In Jim Ward's case, he applied for a state grant for a railroad connection that would allow him to ship rock right into the heart of territory controlled by the Rogers Group.
But state records show the company lobbied against his request, eventually derailing the entire plan.
"It just got really complicated -- really fast," Ward says.
The confidential plan also calls for "vertical integration" -- not only supplying the rock that goes into the roads, but also getting into the business of building the roads themselves.
In Rogers' words: "controlling channels of distribution," not only "providing fortress" against competitors, but also an "offensive weapon" against them, as well.
"If this is not an admission that they are trying to eliminate competition, it's certain a double first cousin," Buck says.
Todd Warner says, "If you get one company controlling everything, they can name their price."
Warner and Brothers say they began to search for their own source of rock after realizing Rogers was increasingly becoming not only their supplier, but also a competitor.
"We feel like we're going to be squeezed out in the future if we are not able to produce our own stone," Brothers adds.
Then, they suddenly became the object of complaints faxed to regulators by, you guessed it:
"Rogers Group Incorporated," Brothers reads the fax header.

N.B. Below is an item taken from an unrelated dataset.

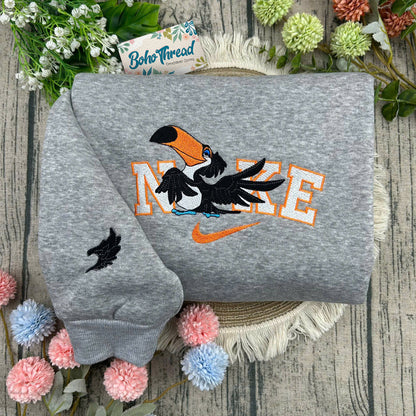 Rio Movie Blu, Jewel & Friends Embroidered Couple Sweatshirts, Hoodies & T-shirts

Phil Williams asks, "Your reaction to that was?"
"It didn't make us happy."
As for Jim Ward, "You feel a little bit like David against Goliath?" Williams asks.
"Yeah," Ward replies. "We've a got a rock, but we don't have a sling."
These folks say Roger's plan is about more than just rock. It's about cold, hard cash.
"We're talking about your dollars and my dollars," Ward adds.
Rogers Group officials refused to talk about what we discovered. Instead, they issued the following statement:
"Rogers Group has a history that goes back nearly 100 years. We provide a livelihood to more than 700 Tennesseans and their families. We pay over $9 million annually in state and local taxes. We provide a quality product for our customers -- both private and public.
"We operate our business legally and ethically. In fact, Rogers Group was this year's recipient of the Tennessee American Business Ethics Award. We work hard to be good corporate citizens. We encourage our own employees to be active in their neighborhoods.
"State and local governments have rules for bidding jobs. Any vendor is welcome to submit their best bid. Neither the state nor any local government is required to accept a bid if it believes the cost is unreasonable."
As for Jim Ward's claim that suppliers have been threatened for doing business with him, the Rogers Group plan does call for finding "suppliers wishing to form alliances."
Between 1998 and 2003, Rogers Group pulled in almost $270 million dollars of your tax dollars from the Tennessee Department of Transportation alone.
That's not counting the millions spent by other road builders to buy stone from the Rogers Group.